The chance to add Dallas Baptist to the MVC as a baseball-only member excited coaches and fans, at least those who pay attention to the RPI.
It didn’t work out. The MVC may get another chance. Dallas Baptist, wisely, opted to join the WAC last fall. The conference it planned to join no longer exists, so Dallas Baptist may be on the market again.
“We would be open to discussing and considering (the MVC),” Dallas Baptist athletic director Ryan Erwin said. “There were no hard feelings there at all.”
That is good news for Valley baseball, which received a significant boost this season from the Patriots, who played seven of the eight MVC schools in weekend series. DBU is a top-40 RPI team, and its addition to the schedule helped the MVC ascend to No. 8 in the conference rankings. Indiana State and WSU bumped up in the NCAA at-large discussion after winning series against the Patriots.
MVC associate commissioner Joe Mitch said the issue could be discussed at the conference’s spring meetings.

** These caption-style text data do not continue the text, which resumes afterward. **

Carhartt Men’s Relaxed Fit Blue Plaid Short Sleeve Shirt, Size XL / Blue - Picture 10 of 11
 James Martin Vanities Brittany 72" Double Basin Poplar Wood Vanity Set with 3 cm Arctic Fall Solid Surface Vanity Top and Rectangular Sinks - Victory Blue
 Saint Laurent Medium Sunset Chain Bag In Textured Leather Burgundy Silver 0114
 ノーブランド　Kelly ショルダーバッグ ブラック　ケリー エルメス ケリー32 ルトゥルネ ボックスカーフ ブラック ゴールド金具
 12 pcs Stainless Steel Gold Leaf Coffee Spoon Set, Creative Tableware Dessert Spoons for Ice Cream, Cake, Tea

Coaches are in favor of the move. Some administrators hesitated, largely due to the cost of busing to Dallas every other year for a series.
“Travel was the biggest concern, with Illinois State, in particular,” Mitch said.
The background:
The Valley and Dallas Baptist flirted with this season’s scheduling agreement, in which DBU played series at seven of the eight MVC schools (not Illinois State). Depending on how things went, the MVC planned to vote on adding DBU as an affiliate member. Those patient plans went ka-blooey last fall when Dallas Baptist opted for the WAC for two legitimate reasons.
First, MVC schools offered no guarantee. Second, the WAC offered three Texas schools and one in Louisiana within a four-hour drive for Dallas Baptist. That travel is hard to turn down.
Things changed when Texas State (Sun Belt), Texas-Arlington (Sun Belt), Texas-San Antonio (Conference USA) and Louisiana Tech (Conference USA) departed the WAC. Dallas Baptist will play a WAC schedule in 2013. After that, things are up in the air, and the WAC may not exist. Certainly, it is not an attractive baseball option with the schools that remain such as Seattle, Denver, Idaho and Boise State.
Erwin wants to see how the WAC shakes out. Maybe it works. Maybe it doesn’t.
“We’re keeping all our options open,” Erwin said. “We’d like to be in a stable conference.”
Both parties benefit for scheduling reasons. DBU gets eight weekends locked in. MVC schools add another weekend series, which are difficult to schedule in April and May. The Patriots, a super-regional team in 2011, help the MVC’s strength. It makes too much sense not to reconsider.